Et aussi bien Pascal lui-même a-t-il fini, selon toute vraisemblance, par apercevoir son erreur sur ce point. On sait avec quelle précision éloquente son confesseur, le P. Beurrier, dans ses Mémoires inédits heureusement découverts par M. Jovy, a résumé les confidences suprêmes que lui a faites l’illustre mourant[1]. « Il me dit qu’il s’était retiré prudemment des disputes entre théologiens, vu la grande difficulté de ces questions de la grâce et de la prédestination, et ainsi qu’il se tenait désormais au sentiment de l’Église touchant ces grandes questions, et voulait avoir une parfaite soumission au vicaire de Jésus-Christ, qui est le souverain pontife.
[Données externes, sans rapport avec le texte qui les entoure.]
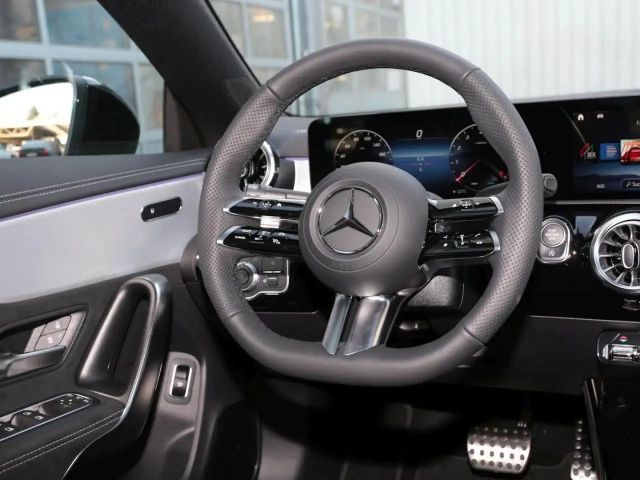 Mercedes-Benz CLA 200 AMG Line Coupé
Il ajouta que, pour ce qui est de la morale nouvelle et relâchée, elle n’était point conforme à l’Évangile, aux canons des conciles, ni aux sentimens des Pères de l’Église, et qu’il la fallait assurément condamner. » Tout au plus aurait-on encore souhaité que Pascal, — dans cet instant suprême où il s’était humblement soumis « au sentiment de l’Église » touchant le point fondamental de son ancienne querelle contre le P. Escobar, — eût pu apprendre à quel point l’excellent jésuite de Valladolid avait eu peu conscience de défendre une morale « nouvelle et relâchée » en se bornant à reproduire, — même parfois et avec de timides, mais expresses réserves, — des opinions d’auteurs qu’il croyait ingénument les plus fidèles et authentiques interprètes, ici-bas, de la pure « morale de Jésus-Christ. »


T. DE WYZEWA.

  1. Je crois savoir que M. Strowski, dans une réédition prochaine du troisième et dernier volume de son livre Pascal et son temps, achèvera de mettre en lumière la bonne foi absolue du P. Beurrier, tout en limitant plus exactement la réelle portée historique de son témoignage. Le curé de Sainte-Geneviève a rétracté, il est vrai, le passage de sa lettre à l’archevêque de Paris ou il avait affirmé que Pascal avait rompu avec ses amis de Port-Royal parce qu’il les trouvait trop hardis sur la question de l’obéissance au Pape : et, en effet, c’était alors Pascal lui-même qui s’était montré trop hardi. Mais que le mourant, ensuite, ait parlé à celui-ci de ses opinions présentes de la façon que ce vénérable religieux nous l’a rapporté à plusieurs reprises, c’est de quoi il ne nous sera bientôt plus permis de douter.